In Fig. 6 (aJ, (b), which is a diagram used to explain this additional service, the same reference numerals as in Fig. 1 indicate phase parts, 41 is a time division switch (TSW), 4
2 is a central office trunk (COT), 44 is a relay stand controller (posC), 45 is a subscriber telephone (SUB), 46 is a line circuit, 4T is a time division switch (TSW>), 48 is a subscriber telephone (sUB), 49 is a line circuit (LC), S
O/fi Announcement Drunk (^NT), 51-
1~51-Fl! ri subscriber telephone, 52-1=52-
n is a line circuit (LC).

〔Effect of the invention〕

As explained above, the present invention achieves
This has the effect of making it easier to provide additional services.

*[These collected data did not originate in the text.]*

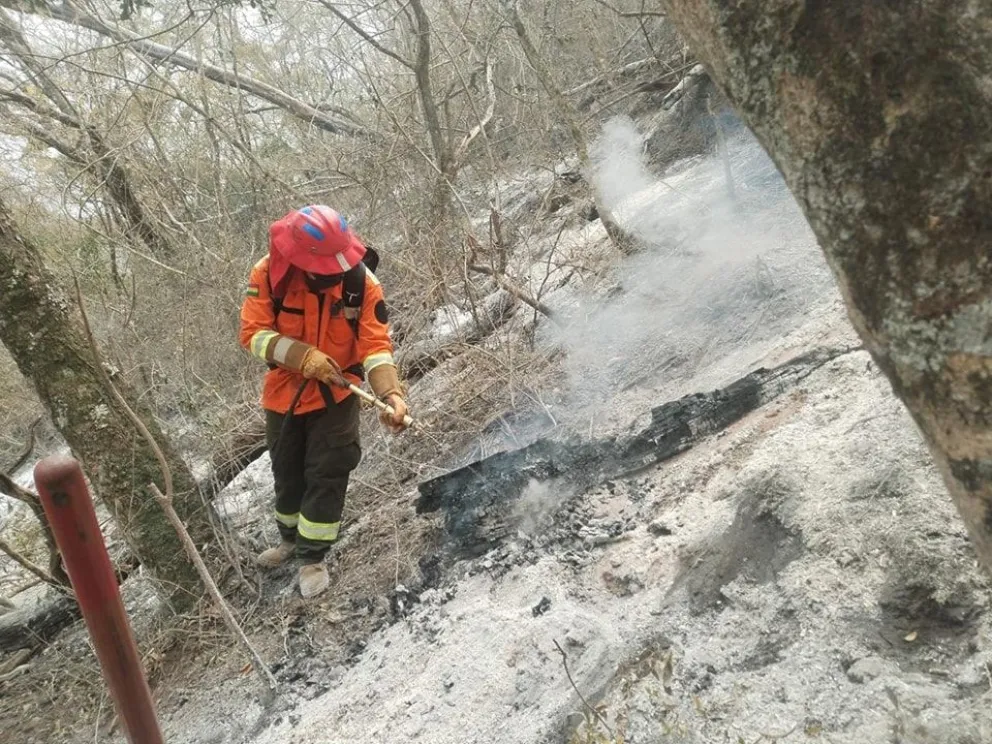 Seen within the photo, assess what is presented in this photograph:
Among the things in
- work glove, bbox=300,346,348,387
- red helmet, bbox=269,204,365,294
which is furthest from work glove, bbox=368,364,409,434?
red helmet, bbox=269,204,365,294

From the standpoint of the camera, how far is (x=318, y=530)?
11.1 ft

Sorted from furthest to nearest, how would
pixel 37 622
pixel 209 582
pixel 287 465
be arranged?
pixel 37 622 < pixel 287 465 < pixel 209 582

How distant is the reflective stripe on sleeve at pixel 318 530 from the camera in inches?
134

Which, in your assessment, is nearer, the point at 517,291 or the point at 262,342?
the point at 262,342

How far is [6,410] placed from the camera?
A: 24.5 ft

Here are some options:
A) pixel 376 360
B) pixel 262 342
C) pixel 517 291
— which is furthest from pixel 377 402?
pixel 517 291

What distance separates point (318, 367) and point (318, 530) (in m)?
0.84

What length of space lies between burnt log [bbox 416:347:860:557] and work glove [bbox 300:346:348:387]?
866 millimetres

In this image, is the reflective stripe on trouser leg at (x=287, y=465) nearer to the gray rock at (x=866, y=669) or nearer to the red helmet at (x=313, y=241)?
the red helmet at (x=313, y=241)

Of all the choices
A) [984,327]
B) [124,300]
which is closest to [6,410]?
[124,300]

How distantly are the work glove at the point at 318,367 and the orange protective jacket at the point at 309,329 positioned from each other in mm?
146

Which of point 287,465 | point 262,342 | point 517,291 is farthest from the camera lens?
point 517,291

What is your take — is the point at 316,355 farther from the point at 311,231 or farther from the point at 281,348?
the point at 311,231

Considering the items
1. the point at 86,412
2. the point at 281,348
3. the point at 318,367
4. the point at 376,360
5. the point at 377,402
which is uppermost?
the point at 86,412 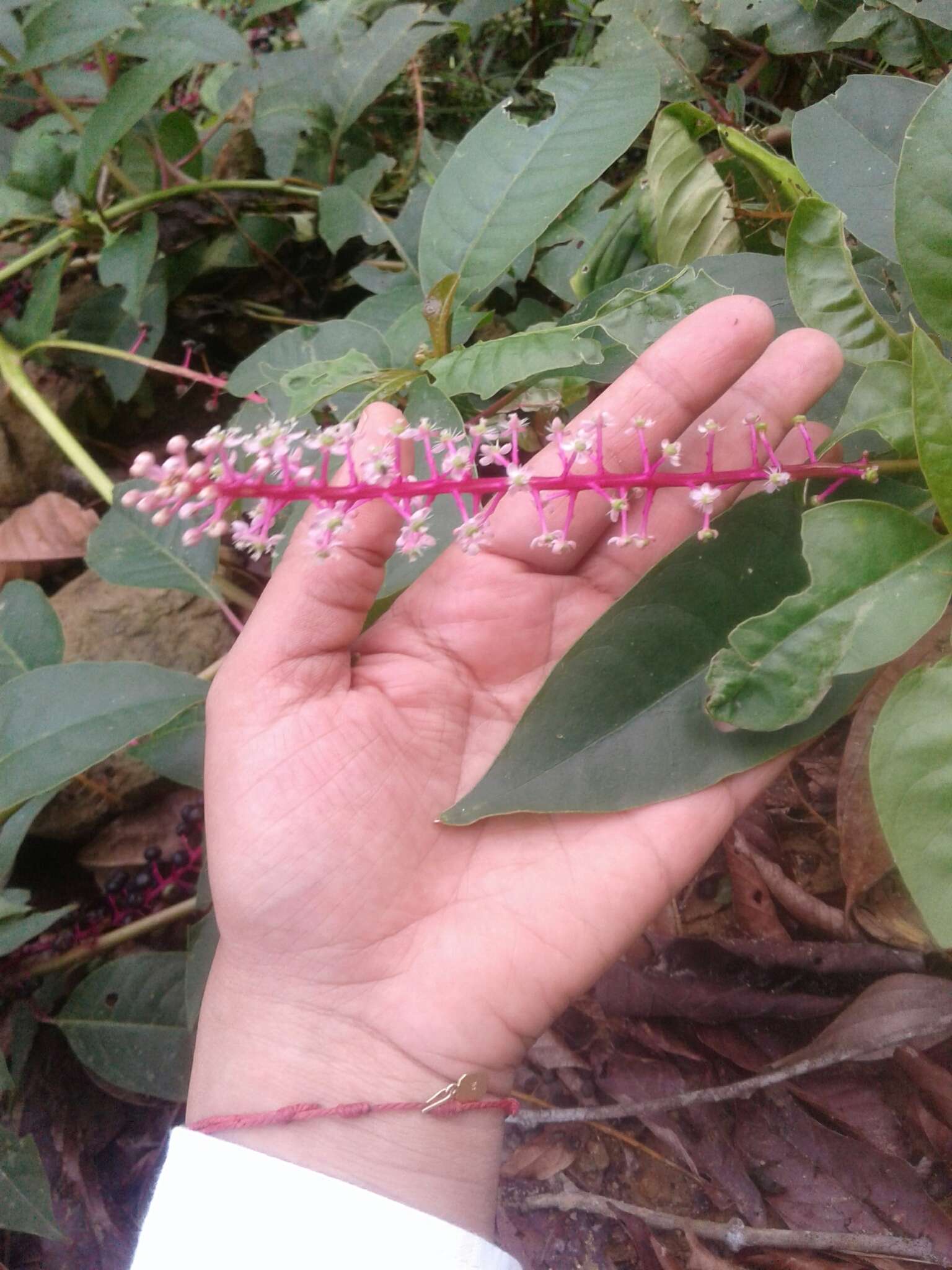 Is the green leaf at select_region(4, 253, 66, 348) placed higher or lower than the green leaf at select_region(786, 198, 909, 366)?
higher

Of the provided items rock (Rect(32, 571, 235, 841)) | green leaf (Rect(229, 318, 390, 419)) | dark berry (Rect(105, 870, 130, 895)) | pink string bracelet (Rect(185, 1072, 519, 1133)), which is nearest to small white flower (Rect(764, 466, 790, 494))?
green leaf (Rect(229, 318, 390, 419))

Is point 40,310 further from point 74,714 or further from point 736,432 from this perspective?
point 736,432

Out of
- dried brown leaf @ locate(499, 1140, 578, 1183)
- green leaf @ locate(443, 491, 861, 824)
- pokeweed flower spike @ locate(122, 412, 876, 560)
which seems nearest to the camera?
pokeweed flower spike @ locate(122, 412, 876, 560)

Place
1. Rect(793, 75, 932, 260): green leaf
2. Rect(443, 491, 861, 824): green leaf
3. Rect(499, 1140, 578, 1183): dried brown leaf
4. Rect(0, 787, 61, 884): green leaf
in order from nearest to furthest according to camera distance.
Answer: Rect(443, 491, 861, 824): green leaf → Rect(793, 75, 932, 260): green leaf → Rect(0, 787, 61, 884): green leaf → Rect(499, 1140, 578, 1183): dried brown leaf

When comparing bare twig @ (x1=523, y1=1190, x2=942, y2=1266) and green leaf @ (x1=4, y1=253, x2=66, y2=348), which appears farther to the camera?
green leaf @ (x1=4, y1=253, x2=66, y2=348)

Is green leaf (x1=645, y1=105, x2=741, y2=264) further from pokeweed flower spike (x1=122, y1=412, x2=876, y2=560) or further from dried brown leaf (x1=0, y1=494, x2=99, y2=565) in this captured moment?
dried brown leaf (x1=0, y1=494, x2=99, y2=565)

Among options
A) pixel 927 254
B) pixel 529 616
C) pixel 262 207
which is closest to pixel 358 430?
pixel 529 616

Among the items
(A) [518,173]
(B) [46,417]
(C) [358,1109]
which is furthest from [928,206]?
(B) [46,417]

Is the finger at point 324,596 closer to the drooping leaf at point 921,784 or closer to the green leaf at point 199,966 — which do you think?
the green leaf at point 199,966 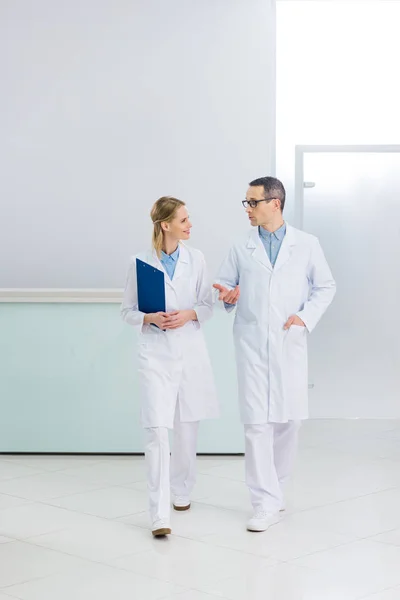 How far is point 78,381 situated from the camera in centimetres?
620

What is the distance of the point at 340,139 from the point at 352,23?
82cm

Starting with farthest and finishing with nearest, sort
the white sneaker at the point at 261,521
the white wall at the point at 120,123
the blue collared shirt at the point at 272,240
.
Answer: the white wall at the point at 120,123 → the blue collared shirt at the point at 272,240 → the white sneaker at the point at 261,521

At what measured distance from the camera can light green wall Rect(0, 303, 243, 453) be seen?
20.2ft

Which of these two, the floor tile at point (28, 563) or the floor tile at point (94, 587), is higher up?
the floor tile at point (94, 587)

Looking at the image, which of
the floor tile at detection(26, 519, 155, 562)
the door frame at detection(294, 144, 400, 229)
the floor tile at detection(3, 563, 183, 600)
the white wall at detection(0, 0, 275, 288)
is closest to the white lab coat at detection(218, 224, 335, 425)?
the floor tile at detection(26, 519, 155, 562)

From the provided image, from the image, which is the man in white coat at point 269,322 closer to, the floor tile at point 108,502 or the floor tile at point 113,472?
the floor tile at point 108,502

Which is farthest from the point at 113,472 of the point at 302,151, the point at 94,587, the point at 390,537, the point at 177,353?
the point at 302,151

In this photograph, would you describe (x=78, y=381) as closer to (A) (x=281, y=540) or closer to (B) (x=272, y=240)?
(B) (x=272, y=240)

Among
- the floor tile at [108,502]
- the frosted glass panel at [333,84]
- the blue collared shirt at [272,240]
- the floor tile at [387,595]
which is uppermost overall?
the frosted glass panel at [333,84]

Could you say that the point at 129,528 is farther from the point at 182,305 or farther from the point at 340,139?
the point at 340,139

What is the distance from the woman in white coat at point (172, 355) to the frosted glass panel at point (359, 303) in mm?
2884

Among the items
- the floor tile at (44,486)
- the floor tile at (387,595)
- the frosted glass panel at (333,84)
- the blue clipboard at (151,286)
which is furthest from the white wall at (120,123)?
the floor tile at (387,595)

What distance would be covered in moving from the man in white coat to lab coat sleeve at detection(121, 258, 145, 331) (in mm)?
385

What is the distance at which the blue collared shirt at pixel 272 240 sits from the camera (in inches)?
185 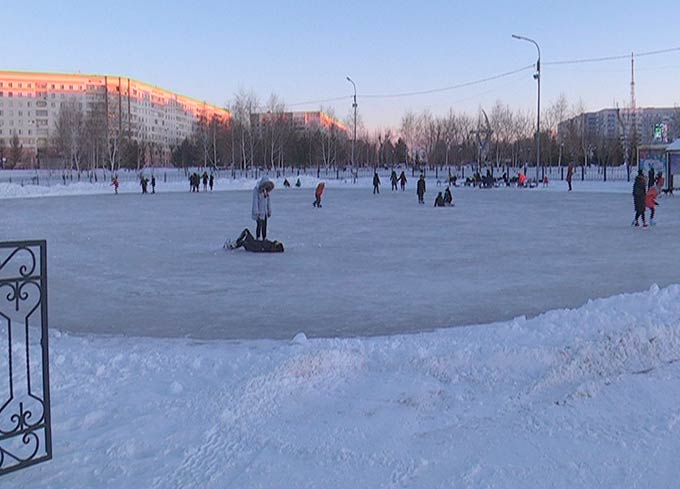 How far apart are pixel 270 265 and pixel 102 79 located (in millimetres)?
132559

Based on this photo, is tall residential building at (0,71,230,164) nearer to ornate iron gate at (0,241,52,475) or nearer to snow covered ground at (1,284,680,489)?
ornate iron gate at (0,241,52,475)

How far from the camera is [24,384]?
19.2 ft

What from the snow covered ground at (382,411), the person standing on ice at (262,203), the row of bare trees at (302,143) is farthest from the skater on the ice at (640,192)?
the row of bare trees at (302,143)

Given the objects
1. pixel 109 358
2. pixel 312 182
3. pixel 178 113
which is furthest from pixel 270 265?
pixel 178 113

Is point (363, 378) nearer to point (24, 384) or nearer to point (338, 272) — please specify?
point (24, 384)

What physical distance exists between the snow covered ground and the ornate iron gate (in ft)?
0.49

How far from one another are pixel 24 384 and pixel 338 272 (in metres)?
7.55

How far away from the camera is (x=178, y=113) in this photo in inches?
6639

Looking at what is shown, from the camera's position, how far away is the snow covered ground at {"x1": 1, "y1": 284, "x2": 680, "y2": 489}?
13.7 ft

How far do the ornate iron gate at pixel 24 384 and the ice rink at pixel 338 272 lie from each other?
6.72ft

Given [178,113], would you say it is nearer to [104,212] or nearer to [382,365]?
[104,212]

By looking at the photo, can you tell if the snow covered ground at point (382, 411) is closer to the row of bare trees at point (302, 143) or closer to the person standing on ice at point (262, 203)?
the person standing on ice at point (262, 203)

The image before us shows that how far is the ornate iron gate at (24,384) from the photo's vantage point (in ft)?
13.2

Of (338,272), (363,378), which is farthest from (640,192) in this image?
(363,378) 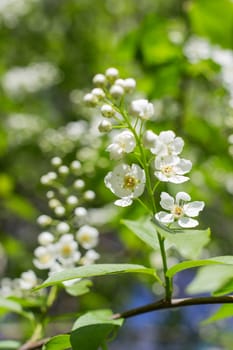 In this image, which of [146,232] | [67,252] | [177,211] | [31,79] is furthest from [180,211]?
[31,79]

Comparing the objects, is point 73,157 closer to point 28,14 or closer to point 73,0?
point 28,14

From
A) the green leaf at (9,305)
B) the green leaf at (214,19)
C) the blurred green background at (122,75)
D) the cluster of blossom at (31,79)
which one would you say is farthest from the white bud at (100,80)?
the cluster of blossom at (31,79)

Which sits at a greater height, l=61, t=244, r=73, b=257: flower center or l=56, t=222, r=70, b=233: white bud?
l=56, t=222, r=70, b=233: white bud

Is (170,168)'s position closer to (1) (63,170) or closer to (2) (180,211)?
(2) (180,211)

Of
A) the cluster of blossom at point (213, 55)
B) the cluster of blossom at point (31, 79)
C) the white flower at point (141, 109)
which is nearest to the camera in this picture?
the white flower at point (141, 109)

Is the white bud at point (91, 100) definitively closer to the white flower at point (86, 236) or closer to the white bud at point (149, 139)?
the white bud at point (149, 139)

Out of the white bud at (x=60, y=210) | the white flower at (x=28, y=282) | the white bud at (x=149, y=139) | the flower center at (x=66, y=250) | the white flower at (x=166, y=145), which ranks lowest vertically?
the white flower at (x=28, y=282)

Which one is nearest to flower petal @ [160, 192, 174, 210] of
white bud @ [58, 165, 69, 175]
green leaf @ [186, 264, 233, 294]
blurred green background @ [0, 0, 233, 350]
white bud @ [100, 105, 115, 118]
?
white bud @ [100, 105, 115, 118]

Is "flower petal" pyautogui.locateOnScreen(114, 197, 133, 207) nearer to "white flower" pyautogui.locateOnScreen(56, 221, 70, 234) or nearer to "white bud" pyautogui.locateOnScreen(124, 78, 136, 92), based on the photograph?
"white bud" pyautogui.locateOnScreen(124, 78, 136, 92) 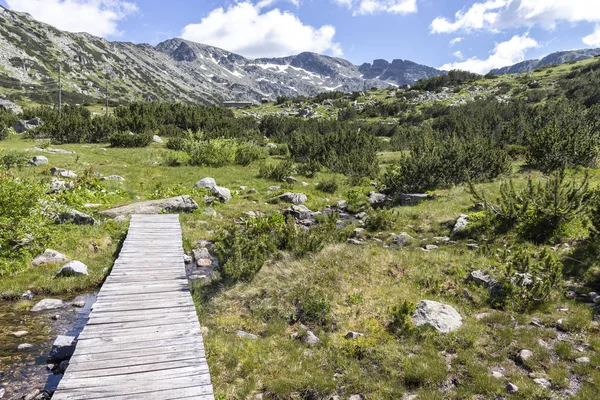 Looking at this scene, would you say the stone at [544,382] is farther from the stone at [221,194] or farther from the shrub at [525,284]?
the stone at [221,194]

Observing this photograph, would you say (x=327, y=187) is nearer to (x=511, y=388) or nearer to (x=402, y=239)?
(x=402, y=239)

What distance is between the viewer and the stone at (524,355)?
619cm

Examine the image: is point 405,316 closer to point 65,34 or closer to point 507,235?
point 507,235

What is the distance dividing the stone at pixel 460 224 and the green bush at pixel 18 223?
13.4 meters

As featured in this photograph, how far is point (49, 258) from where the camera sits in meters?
10.5

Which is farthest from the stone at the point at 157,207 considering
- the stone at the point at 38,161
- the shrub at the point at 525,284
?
the shrub at the point at 525,284

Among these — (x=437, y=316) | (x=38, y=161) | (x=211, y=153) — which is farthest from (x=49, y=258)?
(x=211, y=153)

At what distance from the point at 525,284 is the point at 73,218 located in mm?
14327

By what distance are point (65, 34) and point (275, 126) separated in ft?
564

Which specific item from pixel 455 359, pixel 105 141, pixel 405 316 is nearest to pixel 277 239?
pixel 405 316

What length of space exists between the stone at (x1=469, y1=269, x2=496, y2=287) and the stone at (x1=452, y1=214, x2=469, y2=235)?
366 cm

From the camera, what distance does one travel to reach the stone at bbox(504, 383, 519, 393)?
5468 millimetres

[Brief explanation of drawings]

FIG. 1 is a block diagram showing an embodiment of the load/function distributed exchange control system according to the present invention, FIGS. 2, 3, 1X4, and 5 are operation explanatory diagrams of FIG. 1, and FIG. 7 is a diagram for explaining additional services, and FIG. 7 is a block diagram showing an example of a conventional distributed switching control system. 1 o~171111 @ 11 subscriber phone (SUB
), 2o~27... line circuit (LC), 30
~37...Central line trunk (COT), 40~47
...Outgoing register trunk (ORT), 5...
・Relay stand (ATTCON), 6... Attendant controller (posC), Tor;i... Time division switch (TSW), @o~fJ7* 11 @ @Communication path control unit (spC ), 9° to 97... Local processor (LP), 10o to 107... Local processor unit (LPU), 11o to 117... Processor bus interface (PBI), 12...
...Path control unit (BSC), 14o to 14s...
・Main processor path interface (FBI)
, 16o~16s...Main processor unit (MPU), 17o~175...Data memory interface (DMI), 19...Data yt
Sled (DM), 20...Data memory interface (DMI), 21...Common memory (MEM)
22...Highway switch f- (HSW).

Claims (1)

[Claims] In a control system for an electronic exchange that adopts a distributed control system, a first system that distributes the load or functions of multiple terminal interface circuits such as line/trunk circuits accommodated in a time division switch into a predetermined number and controls them. a group of processors, a second group of processors that perform exchange processing services based on various activation requests from the load-balanced processors, and a common memory that can be commonly read and written to the second group of processors. The first and second processor groups are connected to a common processor path through a processor path interface means included in each processor, and the path control section handles requests from the first and second processor groups. The second processor group is further divided into N groups (N: any natural number) each consisting of a plurality of processors. , the functions are divided so that each of the N groups of processors executes a specific exchange processing service, and when the exchange processing service is activated for the first processor from the subscriber or the trunk circuit, the first processor A load/function distributed exchange control system, characterized in that it has a means for arbitrarily selecting one of the N groups of processors and transmitting information, and performs an exchange processing service.